Materials, whose crystal structure resembles that of a Calcium Titanate (CaTiO3) crystal are called Perovskites. ABX3 is the general formula for such materials, is also referred to as the ‘Perovskite Structure’. Here A & B are cations, like Calcium & Titanium in CaTiO3 and X is an anion, like Oxygen. Generally, oxygen and halogens are considered as anions in double perovskites. For constructing photovoltaic application devices, the employed material should be structurally stable and its optimum band gap should range within 1eV & 2eV (eV or electron volts is a unit of energy used for subatomic particles). Unlike Silicon, which is highly stable and resembles a diamond structurally, halide single perovskites (ABX3) are unstable.
In this pursuit, ‘Double Perovskites’ with a structural formula A2B’B’’X6 looks interesting, as they are exceptionally stable in contrast to the single perovskites. Here, A, B’ and B’’ are all cations while X is an anion. Double perovskites are nothing but the three dimensional extension of the single perovskite (ABX3) structure. In comparison to single perovskites, these double perovskites exhibit a larger band gap (greater than 2eV) which pose a hurdle. Can we tune these double perovskites catering to our needs for novel optoelectronics applications? Is it possible to modify and tweak them by tailoring their band gap in the required optimum range?
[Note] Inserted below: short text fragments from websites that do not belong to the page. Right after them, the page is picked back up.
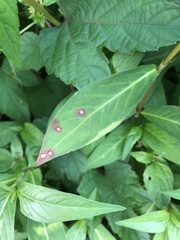 Septoria polygonorum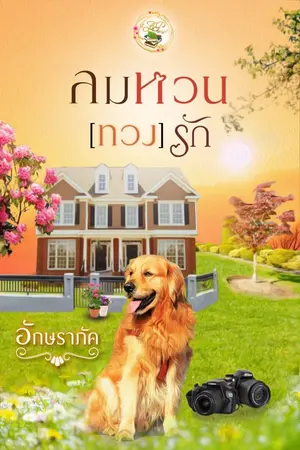 ปก ลมหวน(ทวง)รัก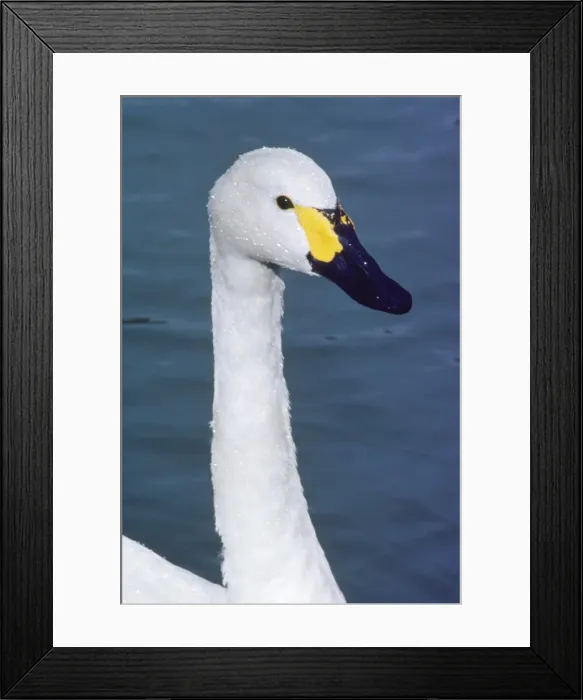 Framed Print : Bewick's Swan Framed Print : Bewick's Swan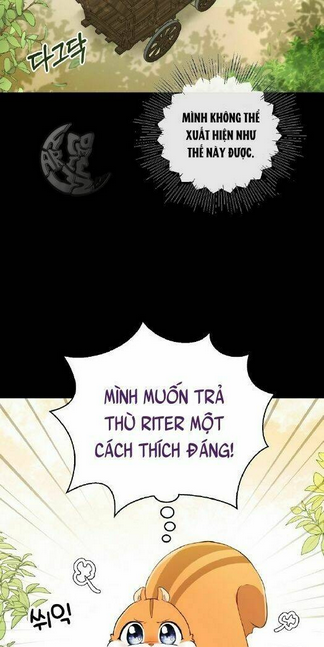 sóc nhỏ tài năng chapter 3 - Next chapter 4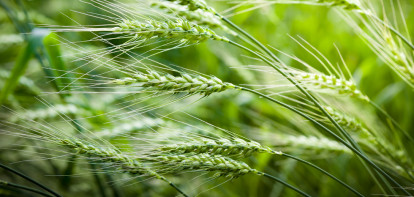 champ de blé arable champ de céréales blé - agriculture
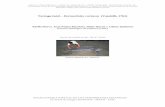 Tortuga laúd – Dermochelys coriacea (Vandelli, 1761)digital.csic.es/bitstream/10261/108650/1/dercor_v1.pdf · obstante tortugas menores de hasta incluso 105 cm pueden observarse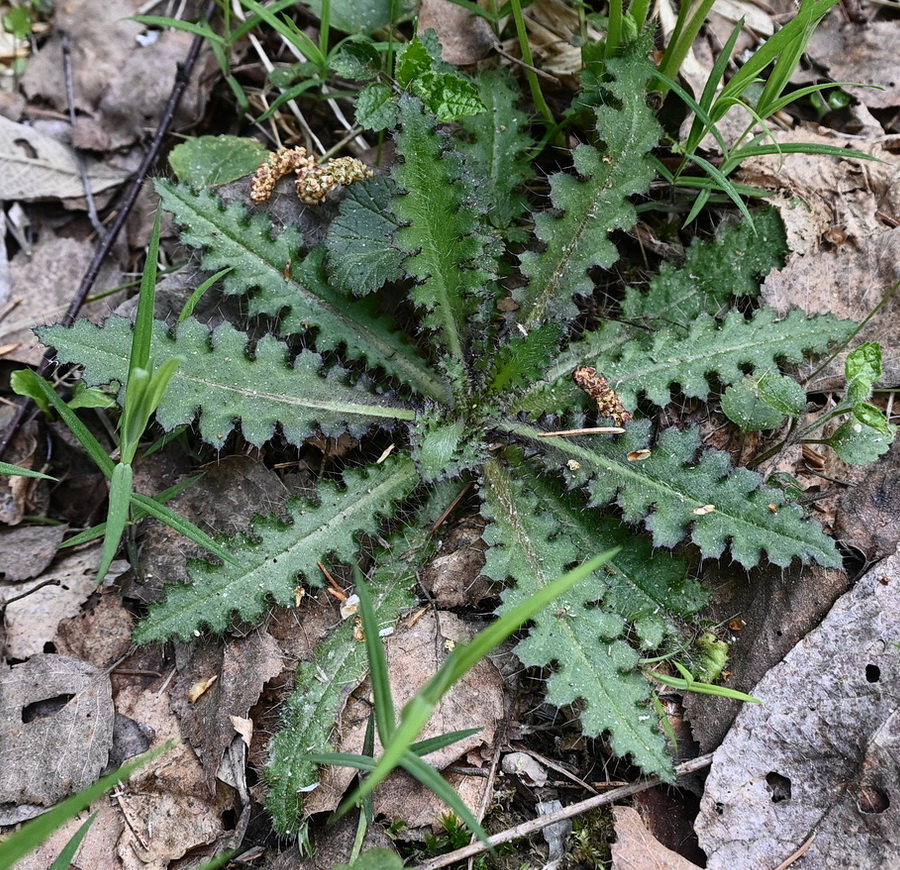 Image of Cirsium palustre specimen.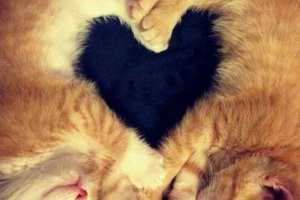 Kedilerin Kaç Kalbi Vardır?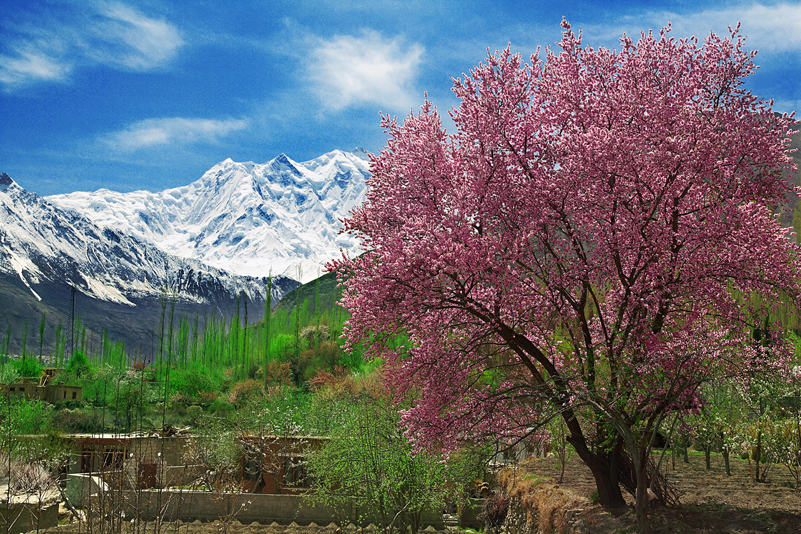 Cherry Blossom trip to Hunza Valley
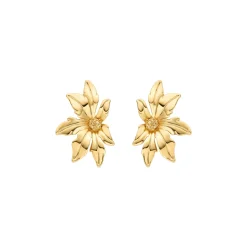 Pendientes acabados en oro amarillo 18K - Aucell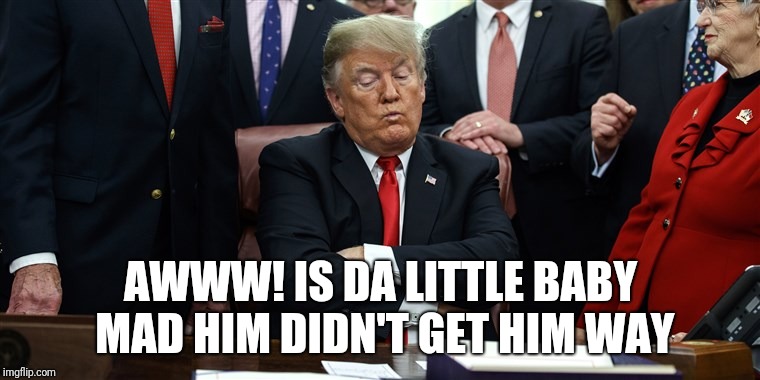 Memes | AWWW! IS DA LITTLE BABY MAD HIM DIDN'T GET HIM WAY | image tagged in donald trump approves | made w/ Imgflip meme maker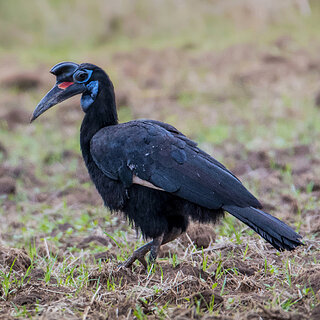 Abyssinian ground-hornbill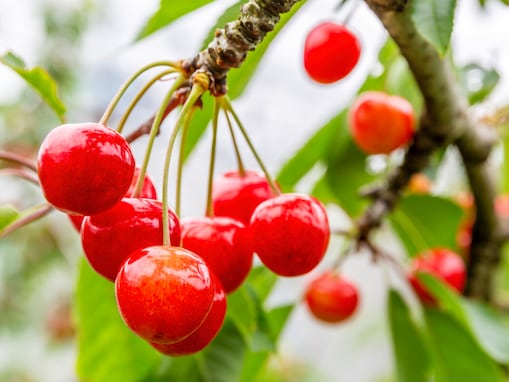 旅先で買いたい「山形県のお土産」ランキング！ 2位「さくらんぼカレー」を抑えた1位は？ 【2025年調査】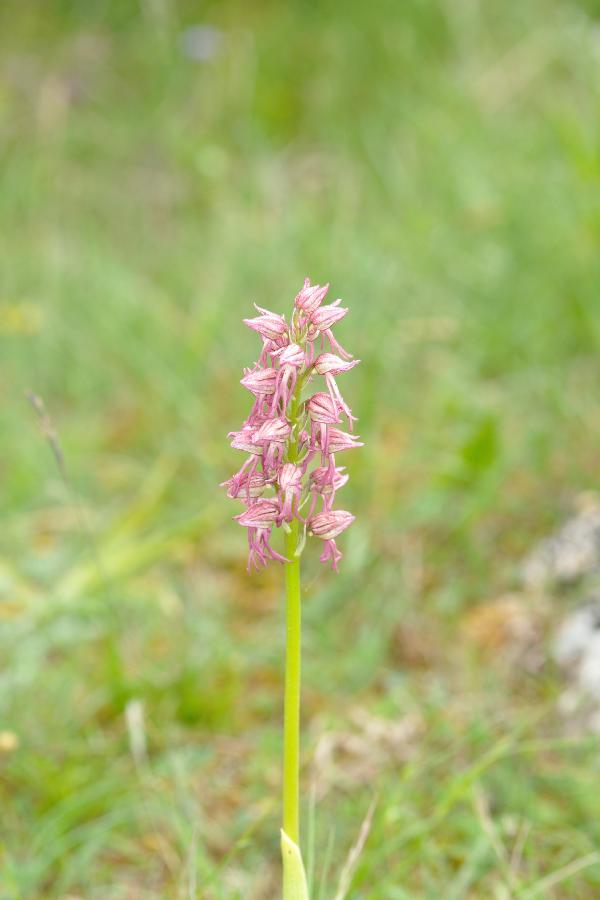 aceras antropohora x orchis militaris.jpg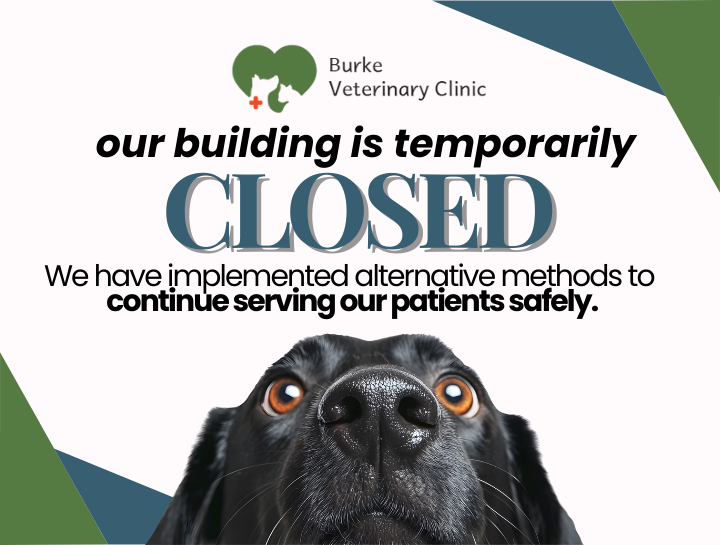 Important Notice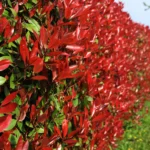 Photinia 'Red Robin' arbust peren cu frunzis vesnic verde la ghiveci P9.5, H 30-40 cm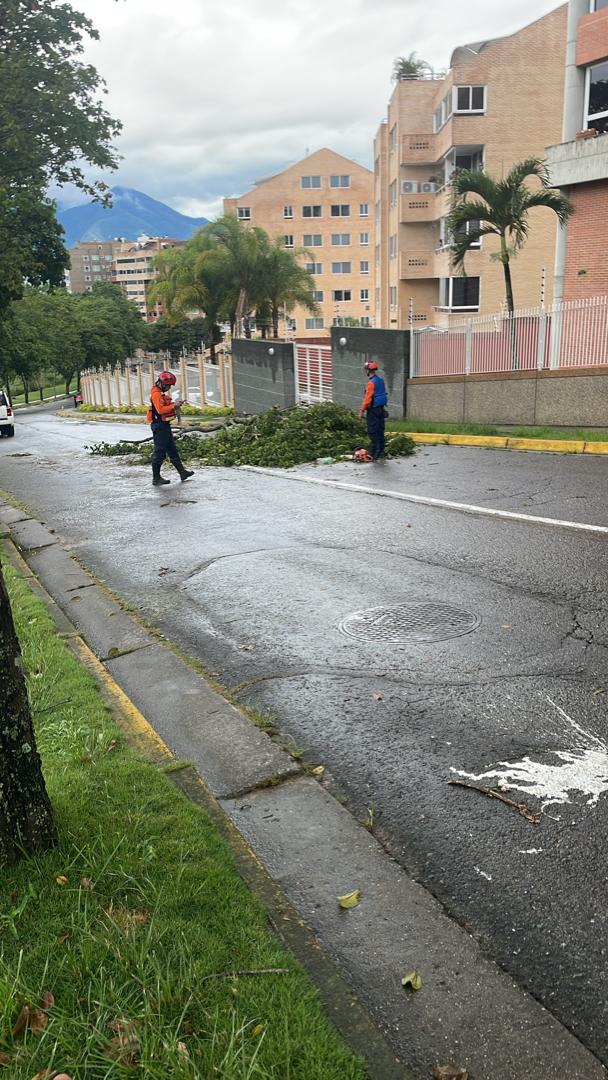 Urb. Lomas del Sol (no oficial). tweet media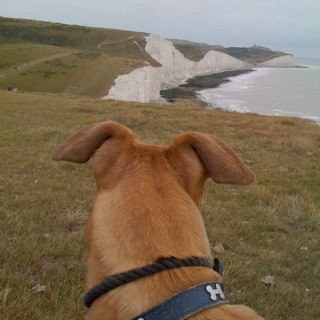 Racing, Wednesday, lurchers, golf.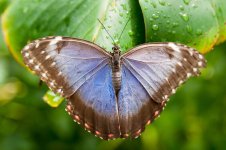 Morpho peleides (Blue Morpho).jpg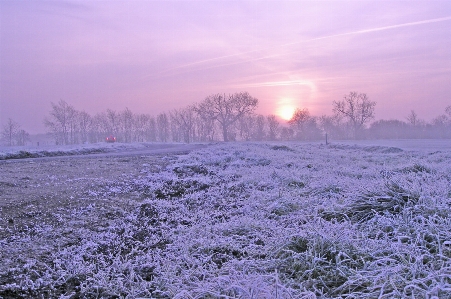 Landscape nature snow cold Photo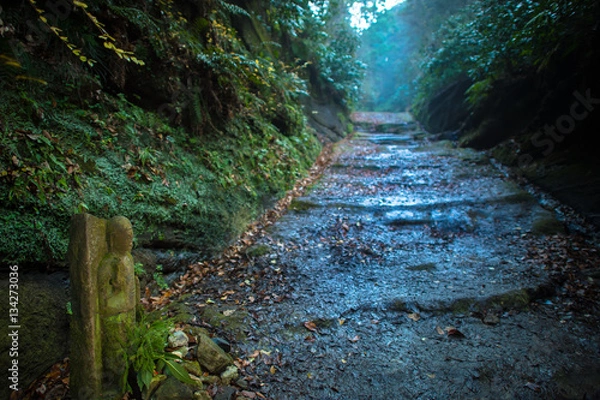 Obraz 鎌倉の朝比奈切通し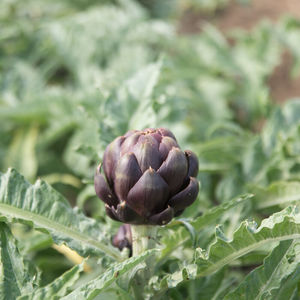 ������ ������ ������ Purple Heart ������� �������� ���������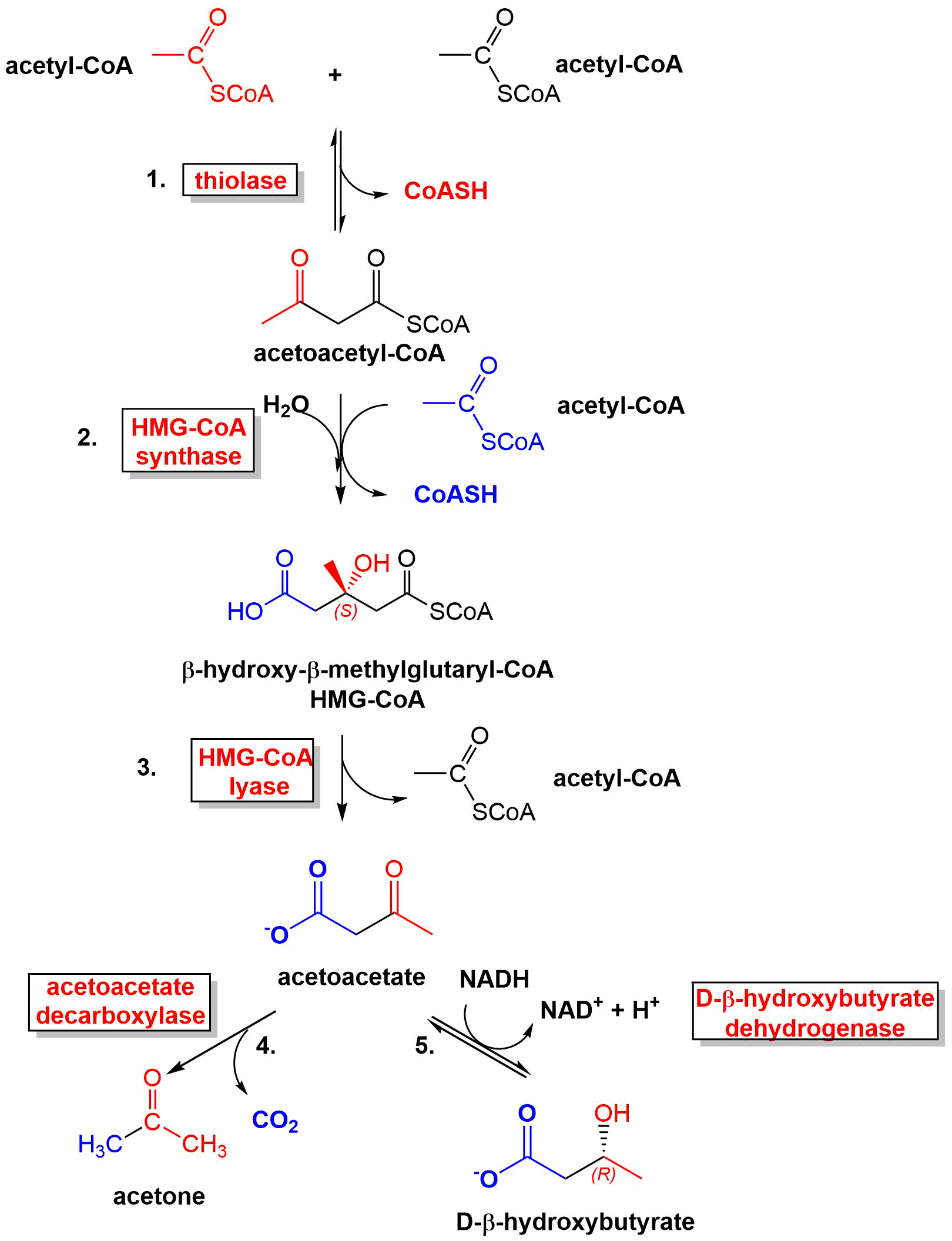 ketone bodies of synthesis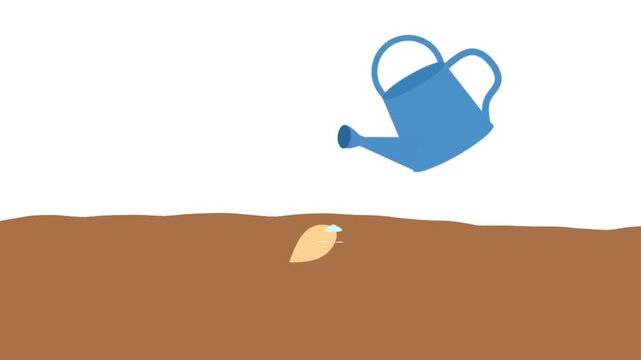 Animation showing seed germination from seed to young plant, illustrating plant growth stages, roots, shoots, and leaves in a simple botanical educational style.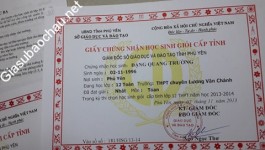 ảnh đính kèm của gia sư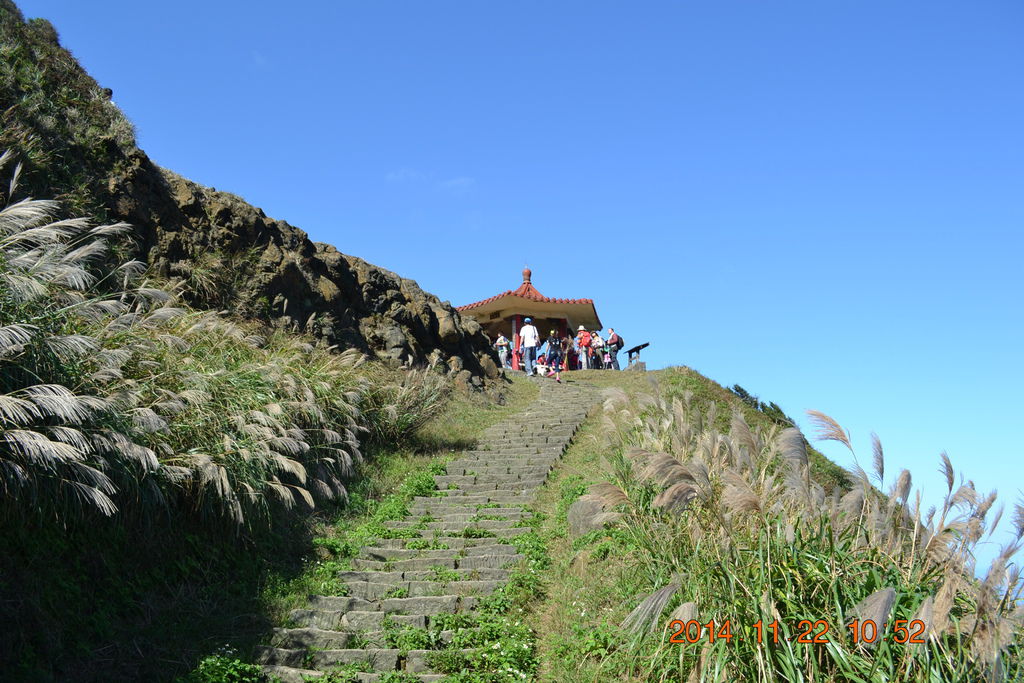 DSC_0236 DSC_0236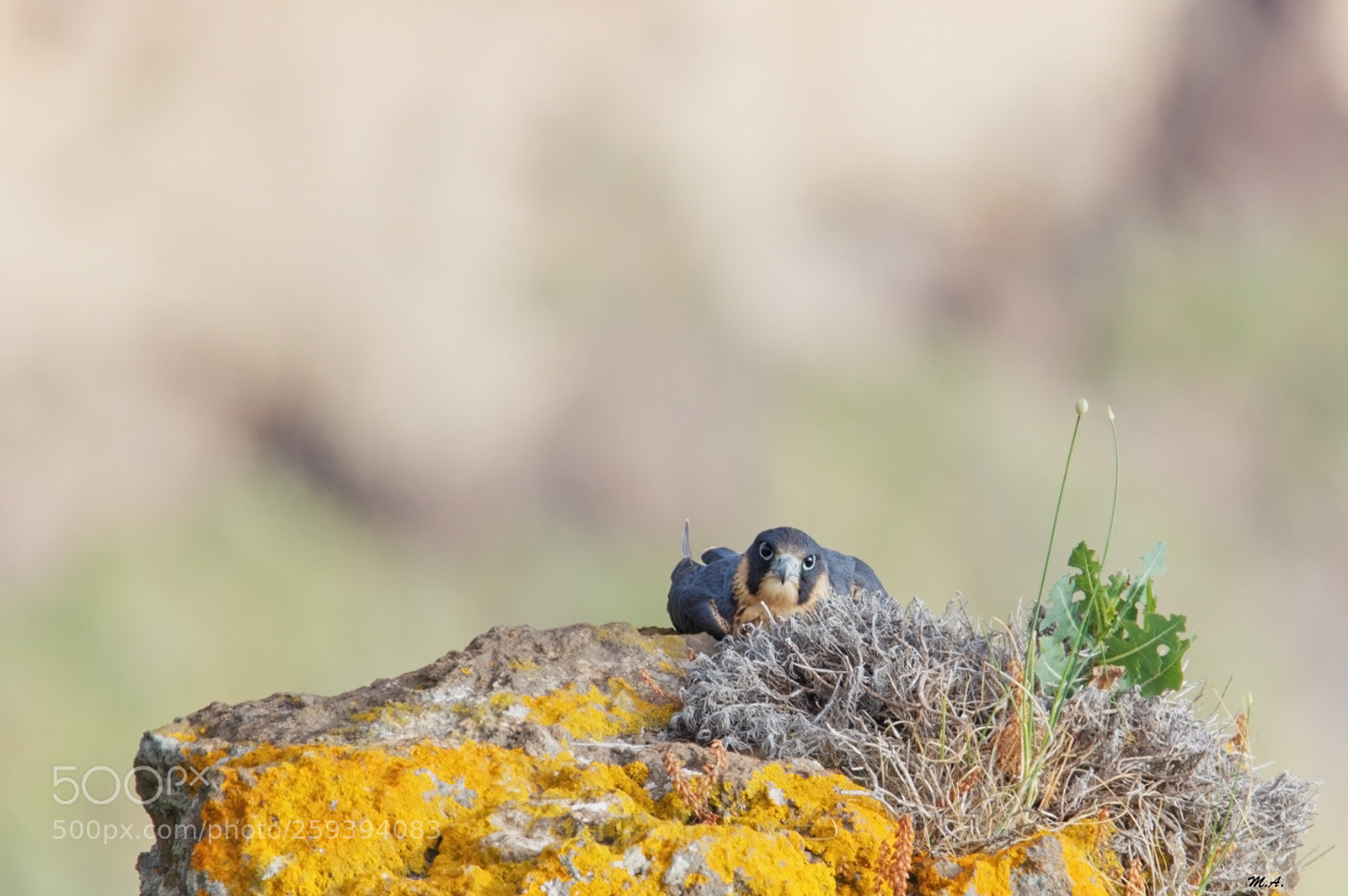 Canon EOS 6D sample photo. The peregrine falcon island photography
Recent experimental research from the Multifunctional Materials Laboratory (MFML) in the Department of Physics at IIT Madras shows that it is possible to tune the band gap of these semiconductor materials. “For the first time, we showed the band gap tunability in these double perovskites, with our study carried out on Cs2Ag1-xNaxBiCl6 double perovskite material” said Prof. Sudakar Chandran, Associate Professor and head, MFML lab in the Department of Physics, IIT Madras, who guided the study.
Cs2Ag1-xNaxBiCl6 is the double perovskite made of Caesium (Cs), Silver (Ag), Sodium (Na) and Bismuth (Bi) as cations, and Chlorine (Cl) as anion. Prof. Chandran with his student Mr. Athrey C. Dakshinamurthy synthesized intermediate Cs2Ag1-xNaxBiCl6 double perovskite alloys by mixing Silver and Sodium at B’ cation, and varying the elemental amount via the parameter x, valued within 0 and 1. At x = 0 end, we obtain the Cs2AgBiCl6 double perovskite and at x = 1 end, the Cs2NaBiCl6 double perovskite is formed.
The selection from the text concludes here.